● **Exercise**:
What is wanted is the full listing, word for word, without its pictures.

** Opening Material supplied block **

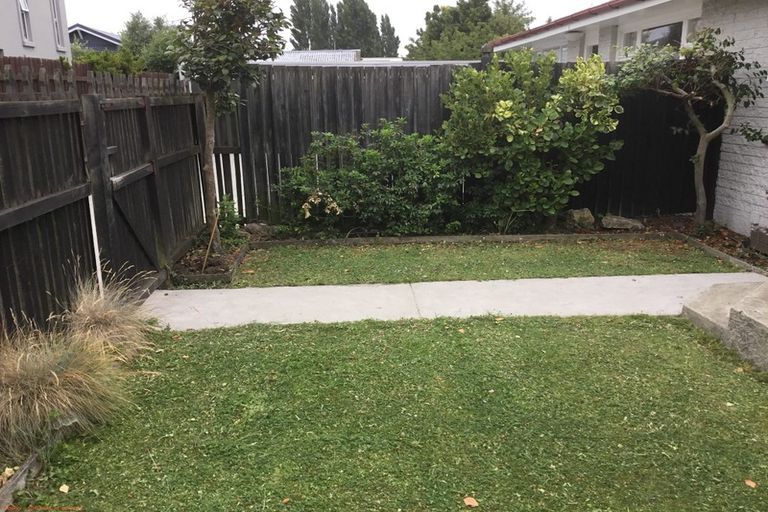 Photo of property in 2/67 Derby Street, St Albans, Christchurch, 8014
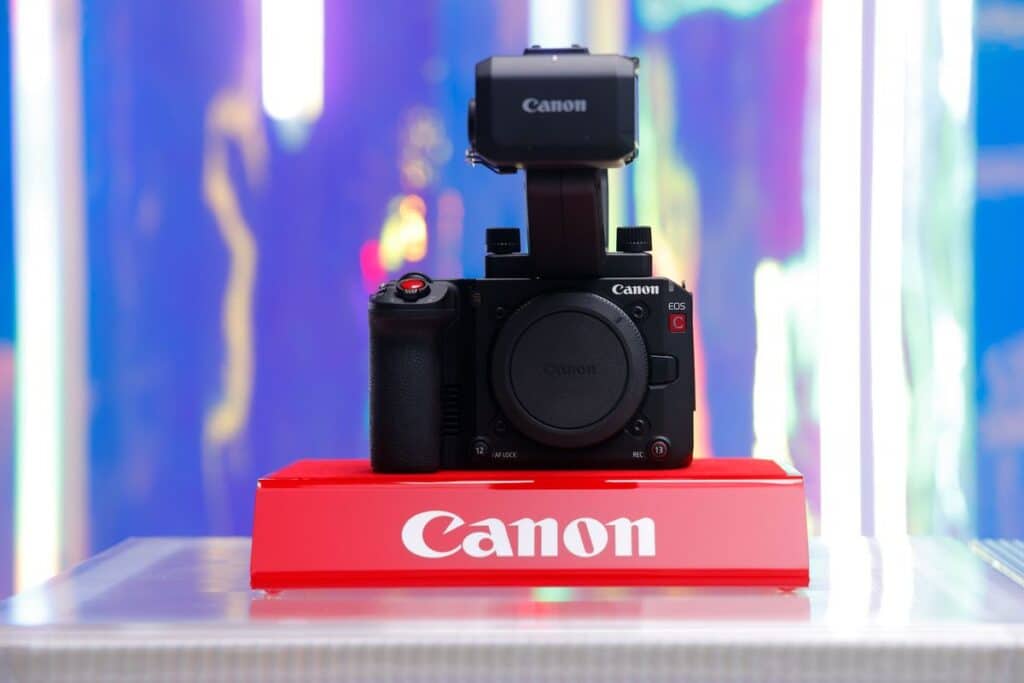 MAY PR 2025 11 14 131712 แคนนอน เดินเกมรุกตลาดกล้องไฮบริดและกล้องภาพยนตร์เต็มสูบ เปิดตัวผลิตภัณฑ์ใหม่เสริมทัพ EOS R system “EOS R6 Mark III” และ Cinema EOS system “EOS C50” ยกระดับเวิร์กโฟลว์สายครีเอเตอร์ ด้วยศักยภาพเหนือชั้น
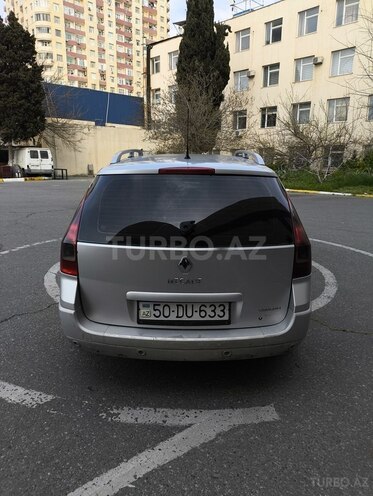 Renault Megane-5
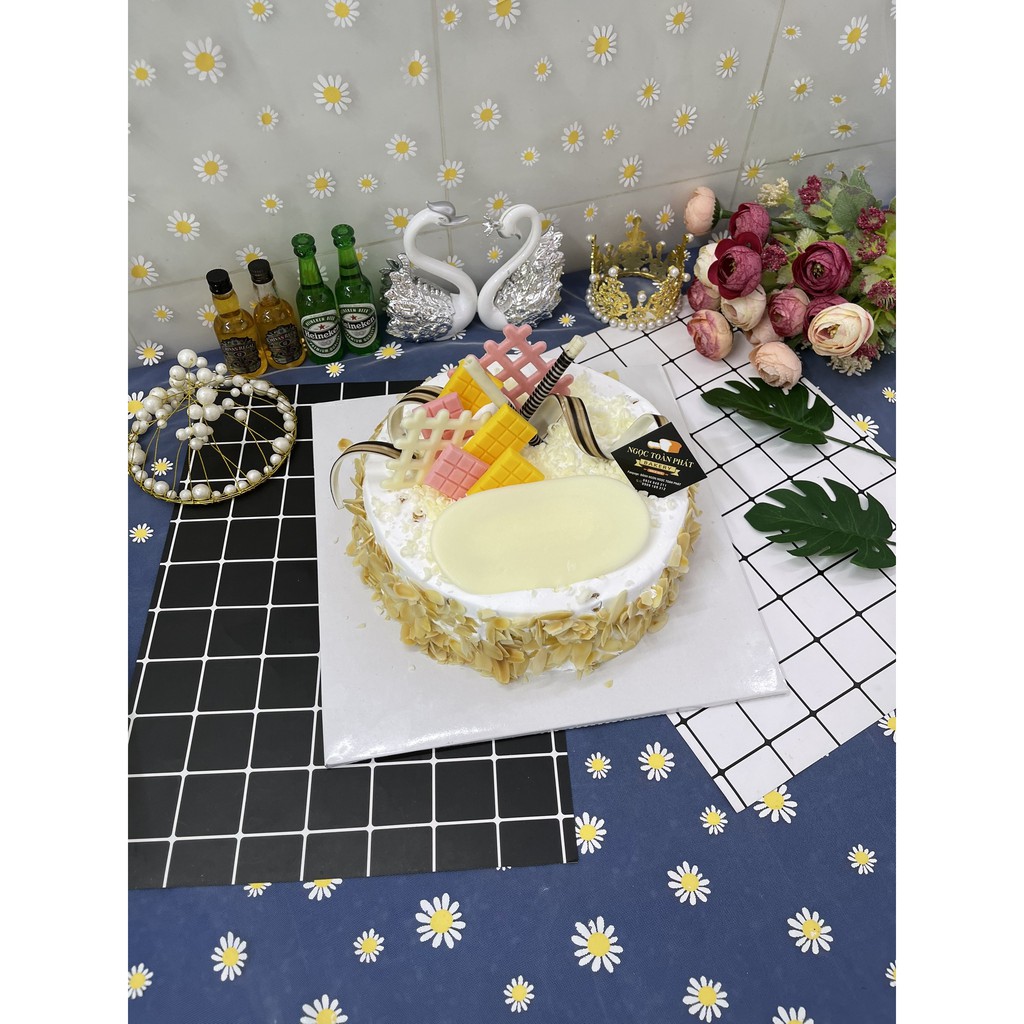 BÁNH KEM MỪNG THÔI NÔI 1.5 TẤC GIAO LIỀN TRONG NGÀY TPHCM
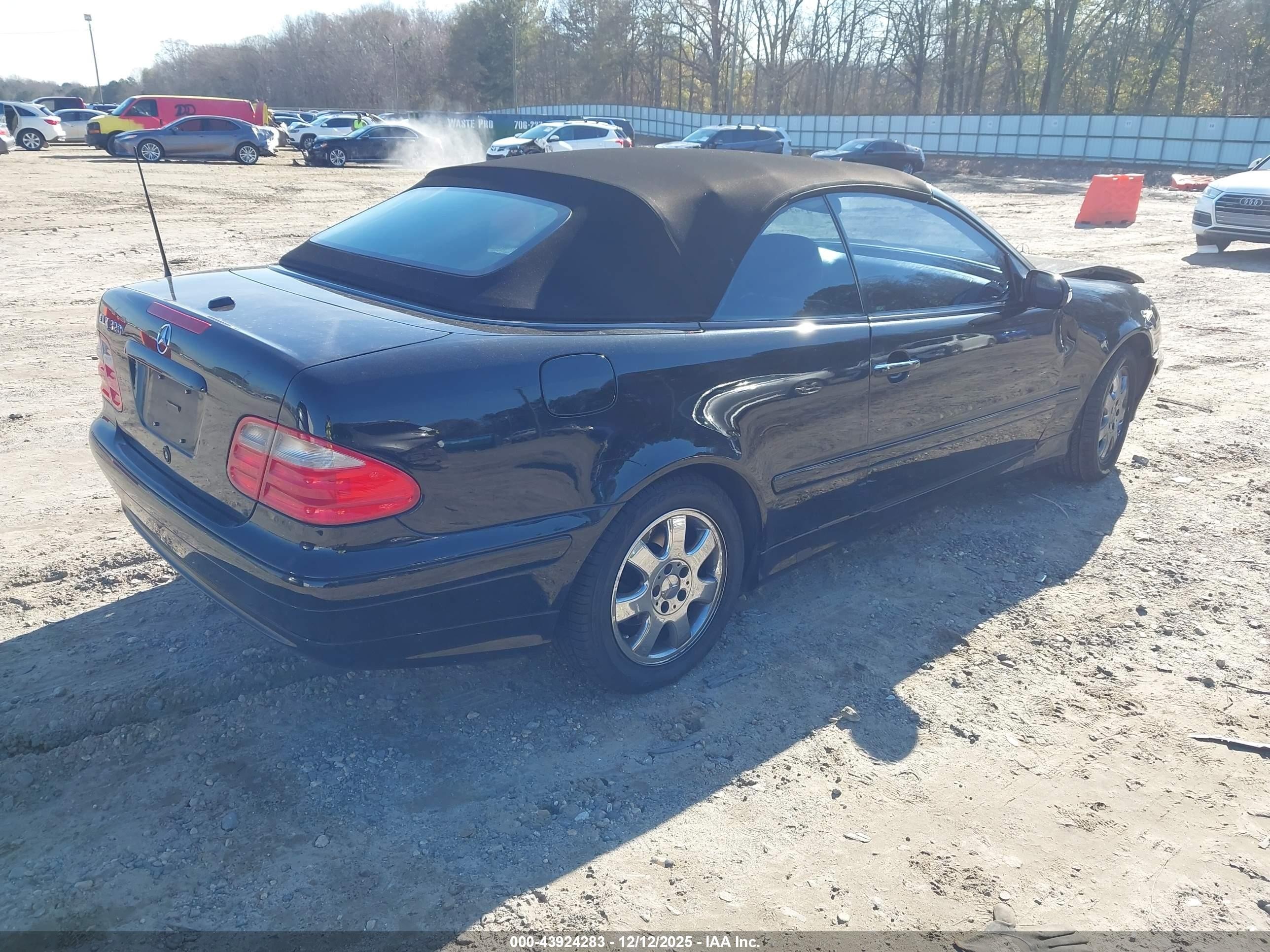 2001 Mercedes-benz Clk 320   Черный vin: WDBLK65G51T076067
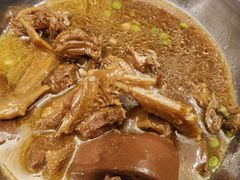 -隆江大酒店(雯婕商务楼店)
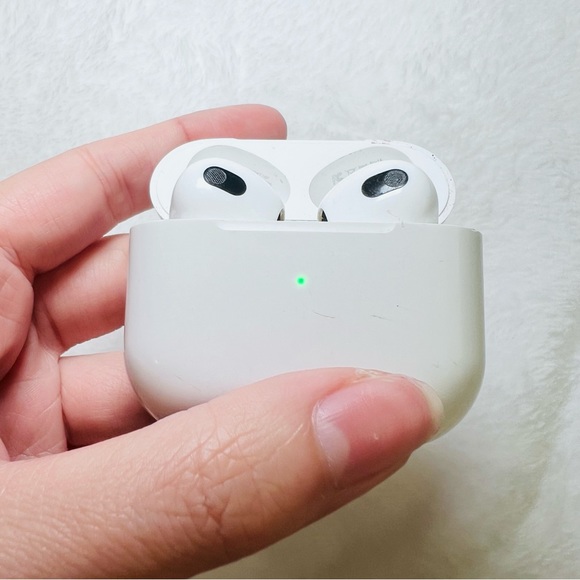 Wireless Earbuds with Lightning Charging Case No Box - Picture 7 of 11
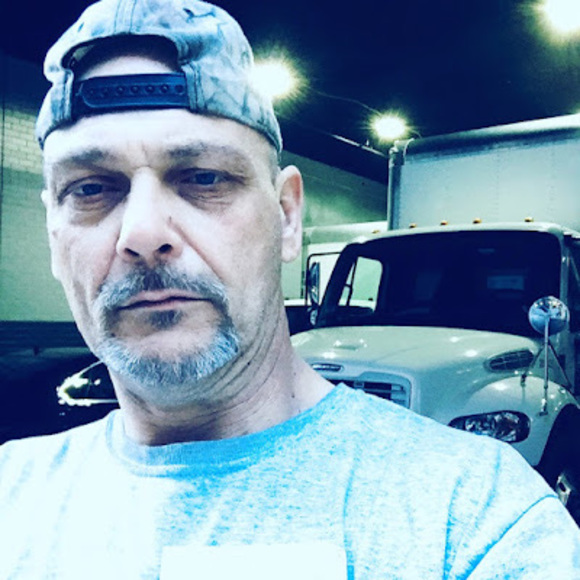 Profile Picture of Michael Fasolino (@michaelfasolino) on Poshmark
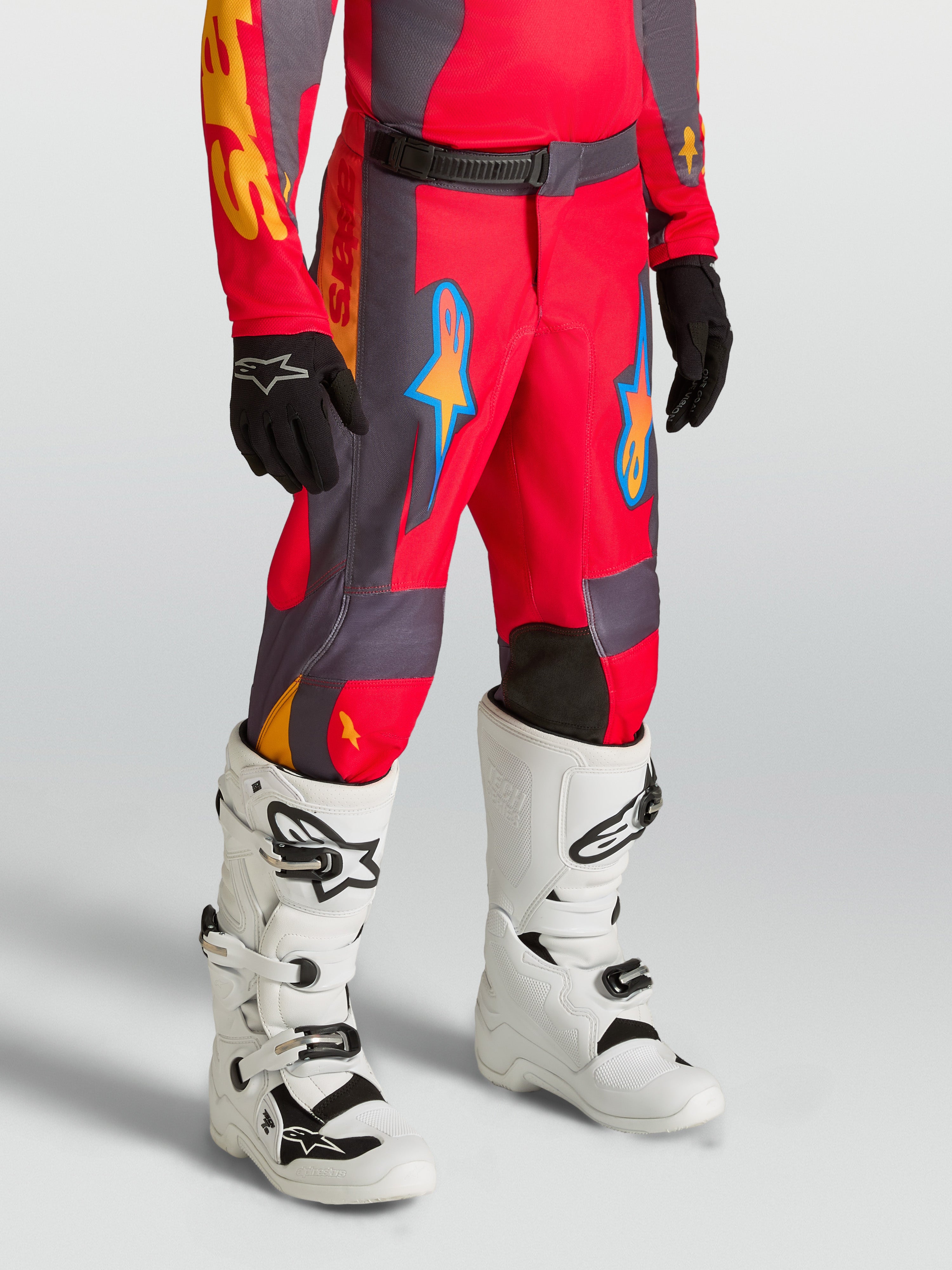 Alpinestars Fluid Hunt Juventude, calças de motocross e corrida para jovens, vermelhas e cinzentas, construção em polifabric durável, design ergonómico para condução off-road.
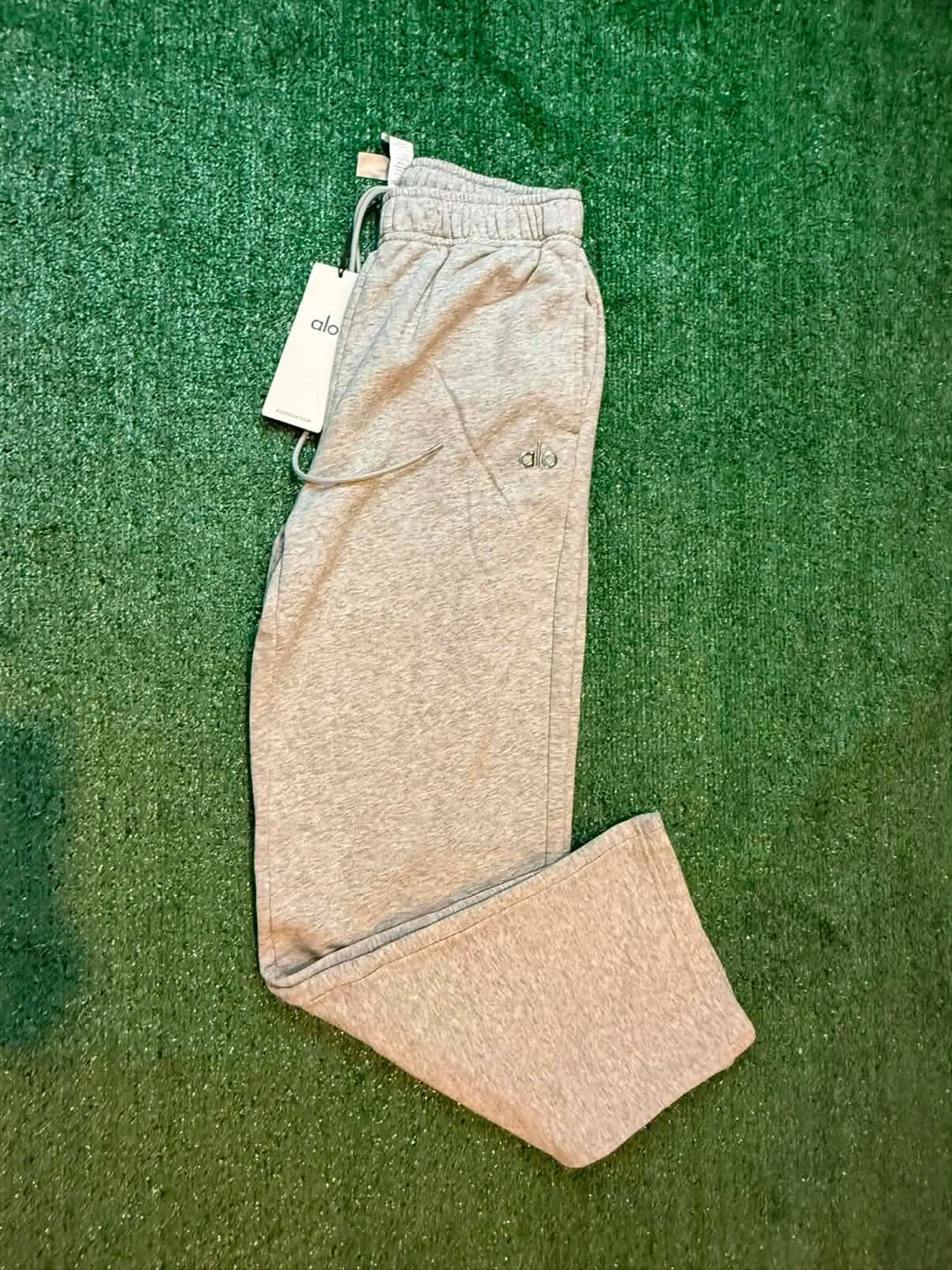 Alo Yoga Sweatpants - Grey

** Closing Material supplied block **

● **Problem solution**:
 Photo of property in 2/67 Derby Street, St Albans, Christchurch, 8014
 MAY PR 2025 11 14 131712 แคนนอน เดินเกมรุกตลาดกล้องไฮบริดและกล้องภาพยนตร์เต็มสูบ เปิดตัวผลิตภัณฑ์ใหม่เสริมทัพ EOS R system “EOS R6 Mark III” และ Cinema EOS system “EOS C50” ยกระดับเวิร์กโฟลว์สายครีเอเตอร์ ด้วยศักยภาพเหนือชั้น
 Renault Megane-5
 BÁNH KEM MỪNG THÔI NÔI 1.5 TẤC GIAO LIỀN TRONG NGÀY TPHCM
 2001 Mercedes-benz Clk 320   Черный vin: WDBLK65G51T076067
 -隆江大酒店(雯婕商务楼店)
 Wireless Earbuds with Lightning Charging Case No Box - Picture 7 of 11
 Profile Picture of Michael Fasolino (@michaelfasolino) on Poshmark
 Alpinestars Fluid Hunt Juventude, calças de motocross e corrida para jovens, vermelhas e cinzentas, construção em polifabric durável, design ergonómico para condução off-road.
 Alo Yoga Sweatpants - Grey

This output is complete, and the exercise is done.